За его спиной возвышались двое дюжих охранников с автоматами. Бородатые, лоснящиеся, почти близнецы. Глаза у них радостно бегали, один уже тянулся к ключам, болтающимся на поясе. Не буду подниматься, – решил я. – Пусть сами попробуют меня поднять.
Но все случилось гораздо раньше! Я решил, что начинается новое разрушительное землетрясение! Но я ошибся. Землетрясения атакуют снизу, а не сверху! Удар убийственной силы обрушился на крышу трехэтажного строения! Здание и без того было надломлено, держалось на честном слове, невзирая на кажущуюся прочность. Что-то мощное, тяжелое пробило крышу! Вздрогнул пол, закачались, затряслись стены. Сыпались остатки штукатурки, пыль взметнулась столбом. Я в ужасе подскочил с нар, прижался к дальней стене. Мне еще повезло, что все это случилось в коридоре, а не у меня над головой! На головы бывшего мэра Виктора Филимоновича и его верных клевретов сыпались балки перекрытий, доски, куски бетона и затвердевшего цементного раствора, ржавые трубы. В потолке образовалась черная дыра, в которую вонзилось что-то несуразное, угловатое, как бы даже не летающая тарелка. Люди защищались руками от обрушившегося на них несчастья, визжали, как бабы. Погасла лампа, но продолжала гореть соседняя, свидетельствующая о том, что катастрофа носит локальный характер. Я со страхом смотрел, как у меня над головой расширяется трещина, как бегут по потолку разводы, переползают на стены. Дрогнул пол, звякнул ржавый болт, выстреливая из пяты шконки. Бетонные плиты сместились под ногами, и возникло сильное желание схватиться зубами за воздух…
Но на этом все закончилось. Здание вышло из равновесия, пока стояло, но в любую секунду могло начать сыпаться. Стонали тела в коридоре, ворочаясь под грудами обломков. А ведь это не просто так! – прозрел я. Действуй же!
– Ольга, ты цела?! – рявкнул я.
– Я думаю, Карнаш… – донесся приглушенный стон. – Пока не поняла…

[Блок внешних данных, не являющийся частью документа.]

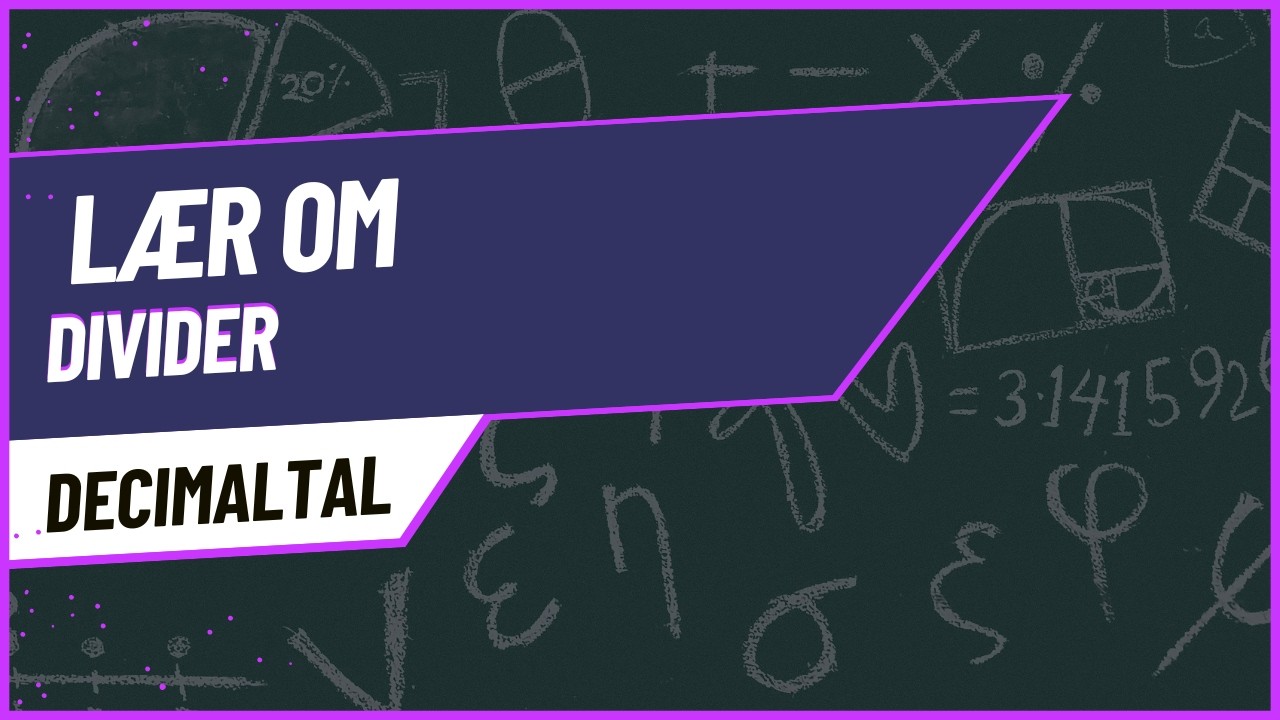 Divider til komma tal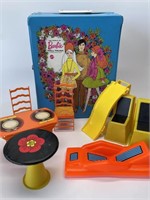 1970s Mattel Barbie Furniture and 1969 Barbie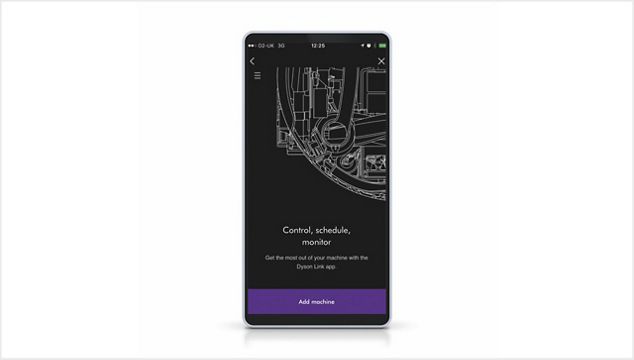 Téléphone avec application à l’écran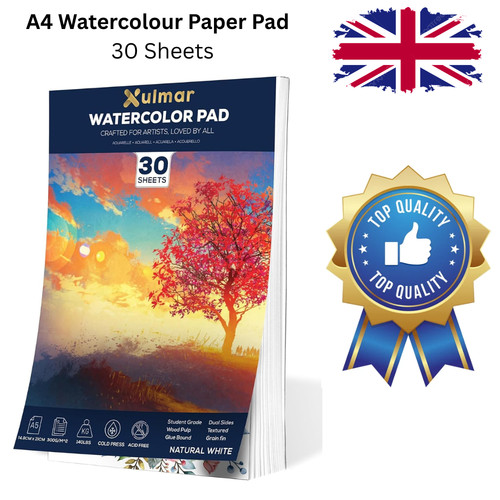 Watercolour paper pad - pad, –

Отлично! Неужто не прорвемся? Я испытывал небывалый прилив сил, я готов был горы свернуть! Мои нары уже практически оторвались! Я вцепился в них обеими руками, тащил на себя, расшатывал, рыча от усердия. Качок влево, качок вправо… Отлетали болты и стальные пластины. Оторвал! Я бросился с этим тараном к решетке – и в единственный удар вложил всю свою тягу к жизни! Звон металла, скрежет, треск. Я отпрянул, чтобы чем-нибудь не накрыло. Дверной косяк после удара «инопланетного тела» уже держался на честном слове. Он вываливался из бетонного проема – я ударил по нему пяткой, чтобы ускорить процесс. И спустя мгновение, зажимая нос, уже перелезал в коридор через груду железа. Израненный, Виктор Филимонович тянул ко мне трясущиеся руки, с губ сочилась кровь. Он что-то шептал, умолял помочь. Не дождется! Да и смысла нет – ему на спину сверзилась увесистая балка, перерубив позвоночник. Тут не помогать – хоронить надо. Кто тут звенел ключами? Я ворошился в куче обломков. Один из охранников был мертв, второй – со связкой на поясе – плавал в прострации со сломанной рукой. Я выволок его за ноги на чистый участок пола, нашел подходящий ключ.